The IPO of Alibaba, predicted to be the biggest in the tech sector, could lead to many more venture-backed Chinese startups to go public on Wall Street. This year, China IPOs have rebounded to 10 after a two-year slump.
See Silicon Dragon Talk, Sizing Up Alibaba.

Thursday, August 14, 2014

Sizing Up Alibaba IPO Prospects Against Other Winners


As Alibaba gets ready to go public in the U.S. this September, it’s worth a look at how Internet players from emerging countries have fared in the public markets.
The answer is exceedingly well.  Research from San Francisco-based venture capital firm Rise Capital, which invests in emerging markets, shows that $300 billion in market value has been created in the last five years by e-commerce and media companies from developing nations.
Little surprise, most of those companies are from China. Russia, India and Brazil do factor in though, accounting for nine of the 35 in the top ranks.
Tencent is number one on the list with a market cap of $143 billion, figures dating from June 2014 show. Baidu ranks second at $66 billion.
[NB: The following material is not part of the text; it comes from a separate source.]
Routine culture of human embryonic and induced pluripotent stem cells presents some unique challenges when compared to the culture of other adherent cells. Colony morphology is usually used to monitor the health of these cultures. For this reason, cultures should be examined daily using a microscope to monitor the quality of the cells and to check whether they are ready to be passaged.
Alibaba rival JD.com is third, with a market cap of $35 billion.
If Alibaba hits the estimates of a $200 billion market capitalization, we’ll have to get out the measuring sticks again. Alibaba, which drawfs Amazon and eBay for merchandise sold through its multiple business and consumer sites, could rank up there among the top 10 U.S. tech firms by market valuation — and also surpass Tencent. Bets are on too, that Alibaba will bypass Facebook as the biggest tech IPO ever in the U.S.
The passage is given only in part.